The passage of Scripture that is so often misused in regard to the complex issue of male headship is Ephesians 5:22-23:
"Wives, be subject to your own husbands, as to the Lord. For the husband is the head of the wife, as Christ also is the head of the church."
Contrary to popular interpretation, these verses do not give men a license to dominate their wives, nor do they endorse a kind of top-down hierarchy in the marriage relationship.
One of Paul's main reasons for writing this discourse on family relationships was to stress the beauty of the mystical union between man and wife, which he compares to the communion between Christ and the church. If Paul were trying to declare who was in charge, he would have said, "Wives, obey your husbands"--in the same manner that he states in Colossians 3:3, "Children, obey your parents." But he does not use the word obey.

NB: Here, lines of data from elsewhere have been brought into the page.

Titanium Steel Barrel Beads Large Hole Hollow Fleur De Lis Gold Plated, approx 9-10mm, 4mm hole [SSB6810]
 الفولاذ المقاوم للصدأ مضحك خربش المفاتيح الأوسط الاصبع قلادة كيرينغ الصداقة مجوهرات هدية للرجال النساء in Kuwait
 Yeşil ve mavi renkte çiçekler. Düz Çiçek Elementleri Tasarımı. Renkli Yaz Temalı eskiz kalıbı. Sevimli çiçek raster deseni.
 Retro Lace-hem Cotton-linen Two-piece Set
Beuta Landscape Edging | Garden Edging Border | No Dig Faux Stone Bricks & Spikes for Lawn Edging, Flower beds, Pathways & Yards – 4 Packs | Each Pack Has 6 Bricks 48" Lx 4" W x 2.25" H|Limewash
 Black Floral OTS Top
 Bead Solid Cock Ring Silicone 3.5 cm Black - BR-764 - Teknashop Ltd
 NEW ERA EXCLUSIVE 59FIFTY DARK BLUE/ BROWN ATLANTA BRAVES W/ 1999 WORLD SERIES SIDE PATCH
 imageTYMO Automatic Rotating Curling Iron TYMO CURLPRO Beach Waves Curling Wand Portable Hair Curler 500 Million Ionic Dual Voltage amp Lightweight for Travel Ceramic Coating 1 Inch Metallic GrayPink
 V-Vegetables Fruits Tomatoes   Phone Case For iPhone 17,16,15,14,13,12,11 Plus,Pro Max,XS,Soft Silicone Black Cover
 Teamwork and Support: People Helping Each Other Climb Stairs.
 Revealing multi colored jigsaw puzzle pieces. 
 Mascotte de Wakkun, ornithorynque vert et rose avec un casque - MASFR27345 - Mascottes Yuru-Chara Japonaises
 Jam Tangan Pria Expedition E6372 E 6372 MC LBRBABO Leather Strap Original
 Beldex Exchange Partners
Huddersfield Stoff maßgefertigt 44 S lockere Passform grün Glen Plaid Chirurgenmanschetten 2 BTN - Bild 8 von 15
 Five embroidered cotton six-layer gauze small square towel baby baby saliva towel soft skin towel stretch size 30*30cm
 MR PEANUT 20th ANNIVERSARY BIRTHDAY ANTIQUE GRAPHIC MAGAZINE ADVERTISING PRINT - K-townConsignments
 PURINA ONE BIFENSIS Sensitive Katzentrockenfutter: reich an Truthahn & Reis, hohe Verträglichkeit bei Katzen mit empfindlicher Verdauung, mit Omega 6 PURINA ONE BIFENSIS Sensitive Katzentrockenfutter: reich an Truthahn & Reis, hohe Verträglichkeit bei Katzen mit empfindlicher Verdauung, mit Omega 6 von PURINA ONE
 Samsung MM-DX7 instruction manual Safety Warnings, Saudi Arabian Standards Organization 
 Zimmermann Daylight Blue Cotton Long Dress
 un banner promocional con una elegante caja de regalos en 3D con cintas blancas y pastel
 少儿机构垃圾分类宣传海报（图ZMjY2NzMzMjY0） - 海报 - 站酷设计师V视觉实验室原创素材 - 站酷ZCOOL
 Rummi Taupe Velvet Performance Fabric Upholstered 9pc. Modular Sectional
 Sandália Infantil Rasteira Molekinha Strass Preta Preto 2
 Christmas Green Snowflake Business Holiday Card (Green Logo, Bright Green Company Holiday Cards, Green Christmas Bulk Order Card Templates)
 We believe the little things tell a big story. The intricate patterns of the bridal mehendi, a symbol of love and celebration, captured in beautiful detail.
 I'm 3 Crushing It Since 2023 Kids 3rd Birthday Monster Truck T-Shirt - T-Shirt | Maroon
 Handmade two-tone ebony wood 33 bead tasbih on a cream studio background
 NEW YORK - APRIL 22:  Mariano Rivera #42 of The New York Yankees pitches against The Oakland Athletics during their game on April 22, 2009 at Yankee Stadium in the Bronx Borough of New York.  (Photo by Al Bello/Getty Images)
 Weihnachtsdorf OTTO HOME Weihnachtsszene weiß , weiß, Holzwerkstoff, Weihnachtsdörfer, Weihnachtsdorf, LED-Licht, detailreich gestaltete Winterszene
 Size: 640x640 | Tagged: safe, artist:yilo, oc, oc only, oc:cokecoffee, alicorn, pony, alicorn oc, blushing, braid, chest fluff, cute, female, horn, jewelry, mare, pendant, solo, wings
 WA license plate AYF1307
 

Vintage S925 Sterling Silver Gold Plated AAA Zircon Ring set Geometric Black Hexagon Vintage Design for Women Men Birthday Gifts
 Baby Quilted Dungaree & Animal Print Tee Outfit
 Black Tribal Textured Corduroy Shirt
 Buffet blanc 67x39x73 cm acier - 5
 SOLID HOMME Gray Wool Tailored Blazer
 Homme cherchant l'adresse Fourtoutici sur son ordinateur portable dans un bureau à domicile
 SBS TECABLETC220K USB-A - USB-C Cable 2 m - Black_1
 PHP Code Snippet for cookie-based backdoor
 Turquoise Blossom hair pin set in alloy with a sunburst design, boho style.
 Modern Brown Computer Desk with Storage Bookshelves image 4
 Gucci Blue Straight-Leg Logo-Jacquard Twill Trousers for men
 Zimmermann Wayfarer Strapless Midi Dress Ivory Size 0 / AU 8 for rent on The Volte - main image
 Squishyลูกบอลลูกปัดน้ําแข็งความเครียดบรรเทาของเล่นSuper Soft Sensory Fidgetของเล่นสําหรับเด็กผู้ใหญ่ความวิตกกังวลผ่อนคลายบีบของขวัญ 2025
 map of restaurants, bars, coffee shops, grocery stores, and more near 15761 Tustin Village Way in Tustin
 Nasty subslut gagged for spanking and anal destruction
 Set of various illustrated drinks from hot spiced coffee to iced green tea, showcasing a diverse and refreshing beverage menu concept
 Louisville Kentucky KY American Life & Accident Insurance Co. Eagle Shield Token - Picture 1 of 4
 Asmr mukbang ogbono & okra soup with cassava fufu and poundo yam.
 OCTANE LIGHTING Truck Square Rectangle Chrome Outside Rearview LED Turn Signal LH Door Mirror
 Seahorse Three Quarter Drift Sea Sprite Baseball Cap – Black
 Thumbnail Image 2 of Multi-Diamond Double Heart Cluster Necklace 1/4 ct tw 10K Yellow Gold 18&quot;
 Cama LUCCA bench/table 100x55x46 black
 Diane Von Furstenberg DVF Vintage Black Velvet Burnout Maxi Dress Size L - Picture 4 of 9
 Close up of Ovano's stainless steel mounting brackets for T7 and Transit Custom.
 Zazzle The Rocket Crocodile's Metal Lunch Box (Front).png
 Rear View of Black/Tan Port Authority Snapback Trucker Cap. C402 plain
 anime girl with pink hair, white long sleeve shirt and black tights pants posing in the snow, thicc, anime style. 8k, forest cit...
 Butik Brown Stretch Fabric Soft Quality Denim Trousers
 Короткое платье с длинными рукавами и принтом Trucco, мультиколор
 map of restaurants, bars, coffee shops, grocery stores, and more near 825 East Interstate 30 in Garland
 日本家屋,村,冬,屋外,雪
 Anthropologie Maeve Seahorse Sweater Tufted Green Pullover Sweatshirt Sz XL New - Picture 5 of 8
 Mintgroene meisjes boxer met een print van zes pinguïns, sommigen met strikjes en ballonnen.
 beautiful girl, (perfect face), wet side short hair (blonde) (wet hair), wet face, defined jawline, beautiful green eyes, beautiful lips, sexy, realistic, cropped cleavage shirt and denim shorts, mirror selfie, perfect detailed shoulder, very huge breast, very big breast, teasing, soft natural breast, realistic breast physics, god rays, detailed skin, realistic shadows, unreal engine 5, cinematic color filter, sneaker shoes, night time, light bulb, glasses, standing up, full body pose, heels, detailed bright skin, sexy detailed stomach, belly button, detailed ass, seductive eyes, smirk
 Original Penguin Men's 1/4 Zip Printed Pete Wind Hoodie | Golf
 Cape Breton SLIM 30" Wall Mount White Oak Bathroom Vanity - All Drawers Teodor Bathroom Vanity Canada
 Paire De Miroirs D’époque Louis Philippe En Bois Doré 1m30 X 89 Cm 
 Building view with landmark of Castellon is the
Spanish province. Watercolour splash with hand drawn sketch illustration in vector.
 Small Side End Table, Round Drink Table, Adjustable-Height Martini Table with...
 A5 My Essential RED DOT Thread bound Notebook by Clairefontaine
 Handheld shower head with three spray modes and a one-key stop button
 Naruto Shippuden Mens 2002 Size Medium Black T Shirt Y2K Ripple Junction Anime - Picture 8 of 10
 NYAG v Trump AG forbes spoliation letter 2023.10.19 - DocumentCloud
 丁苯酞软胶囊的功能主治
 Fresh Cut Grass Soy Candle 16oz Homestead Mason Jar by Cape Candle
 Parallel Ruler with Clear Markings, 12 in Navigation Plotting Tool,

The word hupotasso can also mean "to identify with" or "to be attached to." It can also mean "become one with." Again, the issue here is oneness and unity between equal partners, not who obeys whom.
But there is another important reason why Paul wrote these words, and we cannot understand their meaning without delving deeper into the culture of the New Testament period. Theologian Catherine Clark Kroeger has noted that in the first century, women had no rights and were considered possessions. In the Roman Empire, it was customary for the woman's father to continue to claim ownership of his daughter even after she was married.
This inhumane system, known as sine manu, or "marriage without hand," was a way for the bride's dowry to stay under the control of her father even after she moved into her husband's home. As long as she was brought back to her father's house three times a year (sometimes against her will), he could claim legal ownership of her and her property. This system, which was later outlawed, obviously created havoc in families.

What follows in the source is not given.